- Born: December 31, 1944 (age 81) Zephyrhills, Florida, U.S.
- Car number: 00jr

Championship titles
- 1965, 1973 Florida Governor's Cup 1976 New York State Fair Champion

= Wayne Reutimann =

American racing driver (born 1944)

Wayne Reutimann (born December 31, 1944) is an American retired racing driver from Zephyrhills, Florida. Never one to turn down a challenge, he successfully competed in dirt Modified, aslphalt Late Model, and Sprint cars.

==Racing career==
Wayne Reutimann followed his older brother Buzzie into racing with one of their father's old Modifieds, a 1935 Chevy coupe numbered as 00 jr. and powered by a GMC six-cylinder engine. Reutimann moved on to asphalt Late Models competing success fully at the Golden Gate and Sarasota-Bradenton Speedways in Florida, and in 1965 gained notoriety by becoming the youngest winner of the Florida State Late Model Championship with a half-car-length victory over Bobby Allison at Golden Gate.

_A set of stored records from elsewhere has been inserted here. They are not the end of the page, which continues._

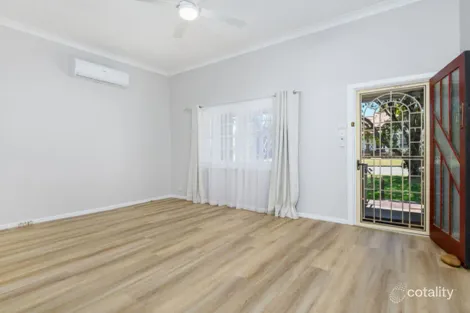 Property photo of 32 Earl Street Holmesville NSW 2286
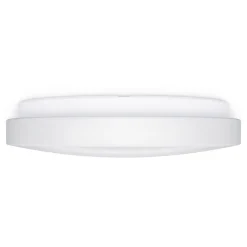 STEINEL Loftlamper > RS Pro LED P2 Flat S loftlampe, 3.000 K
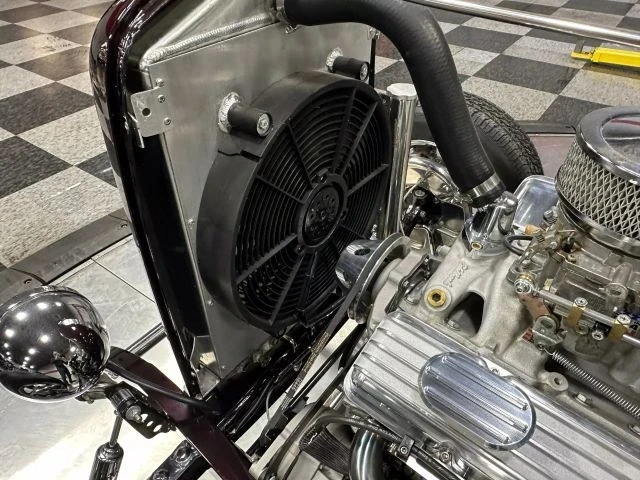 1932 Ford Model B - Image 17 of 21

From 1972 to 1977 Reutimann went north to try his hand at dirt-track Modified competition and became a consistent winner at New Jersey's East Windsor Speedway and Pennsylvania's Nazareth Speedway. He claimed the Orange County Fair Speedway (Middletown, New York) track championships in 1975 and 1977, and also won the 1976 New York State Fair Championship at the Syracuse Mile.

Wayne Reutimann. was inducted into the Northeast Dirt Modified Hall of Fame in 2008.